Ahead of the enforcement of the Act on the Protection of Virtual Asset Users and Others on July 19 next year, the Financial Services Commission has announced the draft enforcement decree and supervisory regulations for public comment. As the establishment of the system becomes more visible, the industry is showing a positive response. However, since this is the first phase of legislation, there are still many legal gaps to be filled.


It is encouraging that the profits generated from customer deposits are now required to be given to the customers. Virtual asset service providers operate by separating their own assets from customer deposits.
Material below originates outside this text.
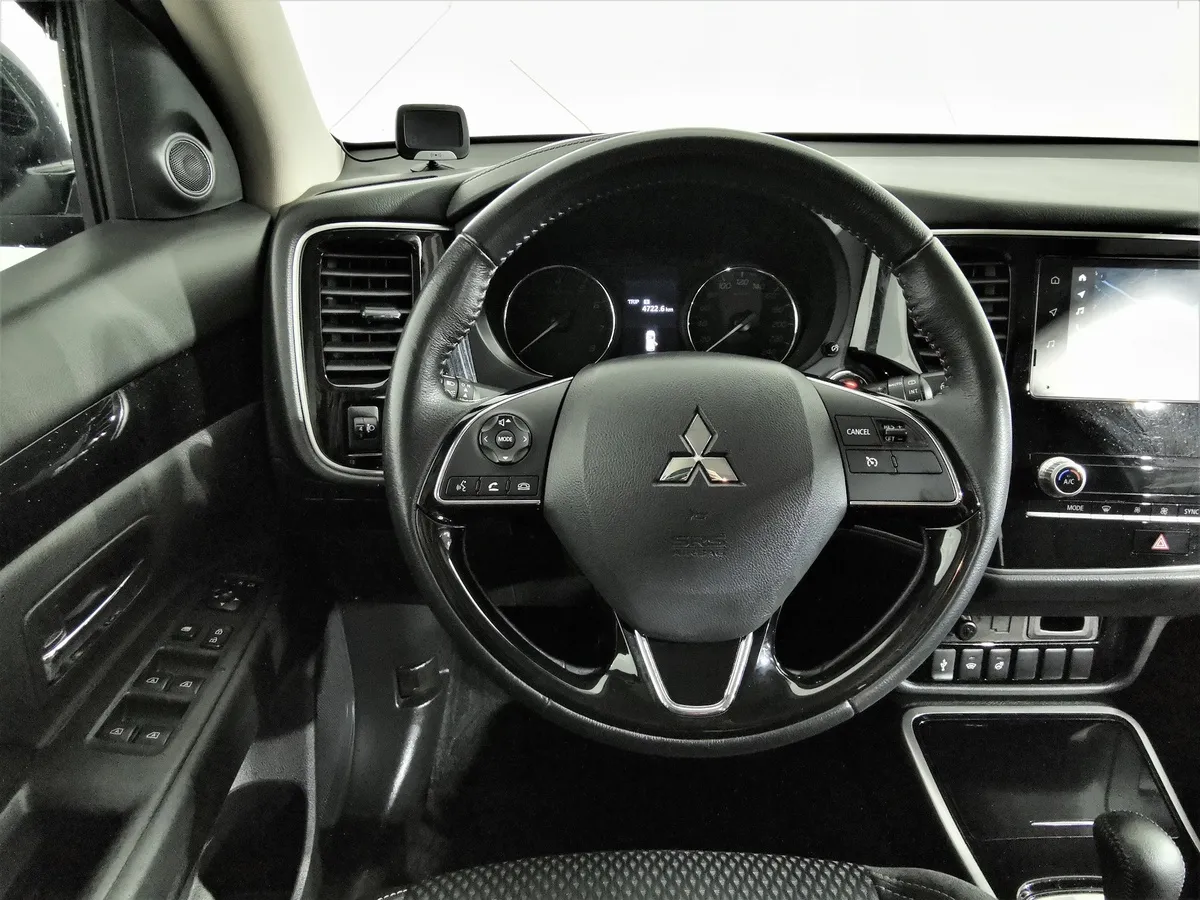Mitsubishi Outlander 2.0 MIVEC CVT 2WD (146 л.с.) Intense Plus Серый в АВИЛОН. Слайд №19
While deposits can be entrusted to banks to generate profits, there were no regulations on how to dispose of these profits. This is why Upbit, which received profits from deposit management from K Bank, did not return them to customers, citing concerns about potential illegal activities such as quasi-deposit-taking.
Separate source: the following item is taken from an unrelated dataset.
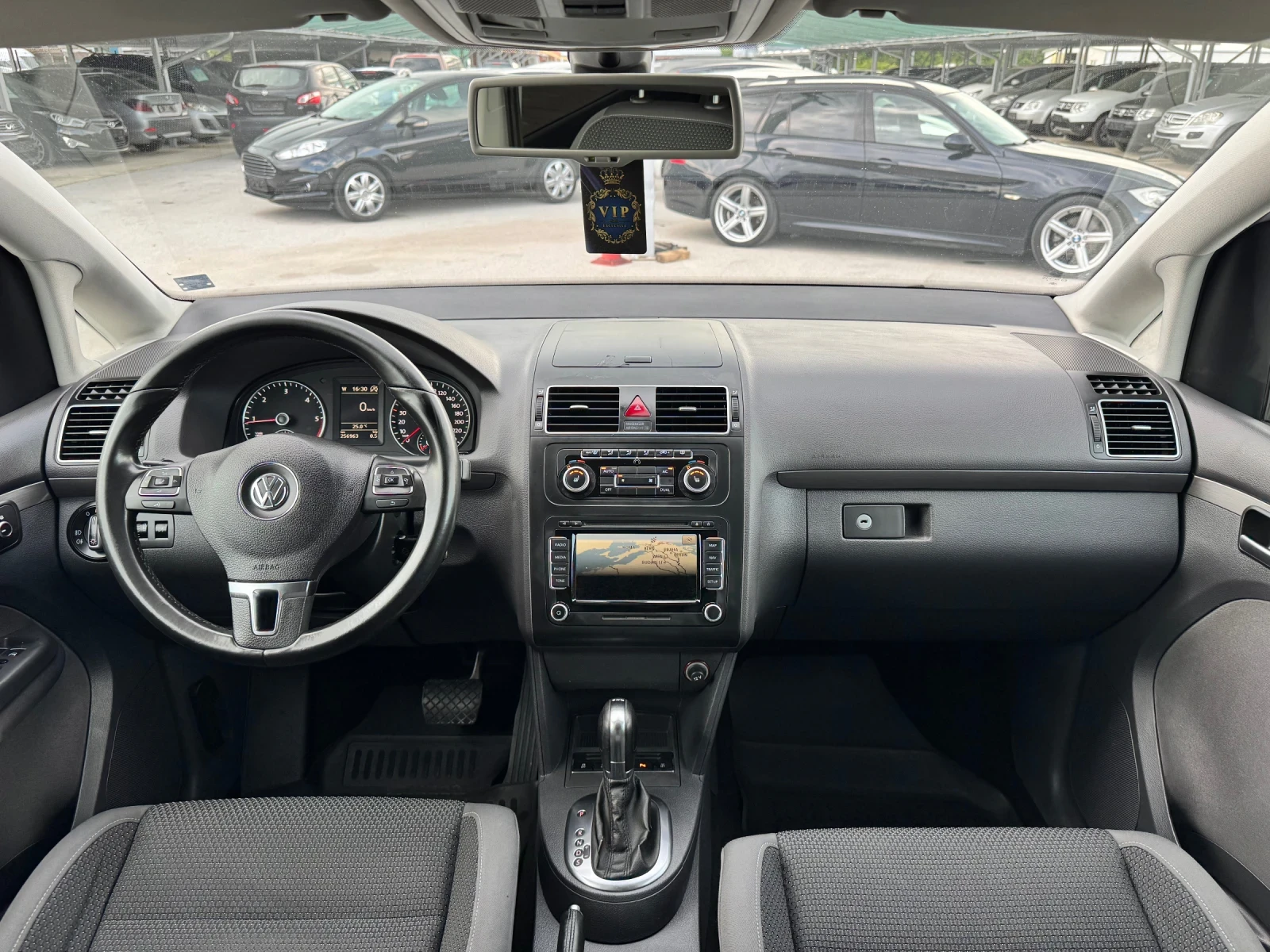 VW Touran 2.0TDI АВТОМАТ, снимка 10 - Автомобили и джипове - 54783375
Entrusting and operating virtual assets to third parties will also become practically impossible. Haru Invest and Delio, virtual asset deposit service providers, suddenly suspended deposits and withdrawals in June, causing complaints from victims. They promoted that they would increase the value of coins entrusted to them, but problems arose after entrusting operations to third parties. The Virtual Asset Basic Act requires that companies receiving coins must hold them directly. Additionally, guidelines on arbitrary blocking of deposits and withdrawals and obligations to monitor suspicious transactions have also been issued.
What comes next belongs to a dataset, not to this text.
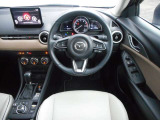 【運転席インテリアデザイン】左右対称のインテリアデザインでドライバーを包み込み運転に集中できるように設計されています。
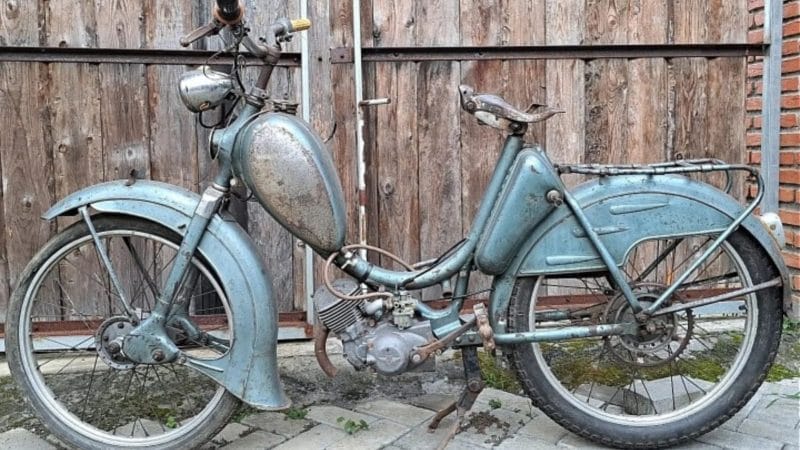 Gambar tangkapan Layar Akun Instangram divine_antiques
However, gaps in the system remain. For example, staking through third parties is practically impossible. Staking refers to participating in blockchain operation and verification to earn coins as a reward. Currently, exchanges entrusted with staking can either participate directly as validators in the blockchain network or entrust it to third parties. However, the first phase of the Basic Act does not include regulations related to staking, so the latter method cannot be used. Furthermore, there is a plan to review global regulatory trends on DeFi (Decentralized Finance) and prepare regulatory measures accordingly.


Since the Virtual Asset Basic Act, which focuses on user protection, has just entered the first phase of legislation, supplementary measures must be expedited. Otherwise, the staking market could shrink. Individuals face limitations in staking directly due to barriers such as expertise. Given the constantly changing nature of the virtual asset market, regulatory blind spots regarding DeFi may also arise. The National Assembly's Political Affairs Committee has already announced plans for the second phase of legislation. However, concrete discussions remain at a standstill.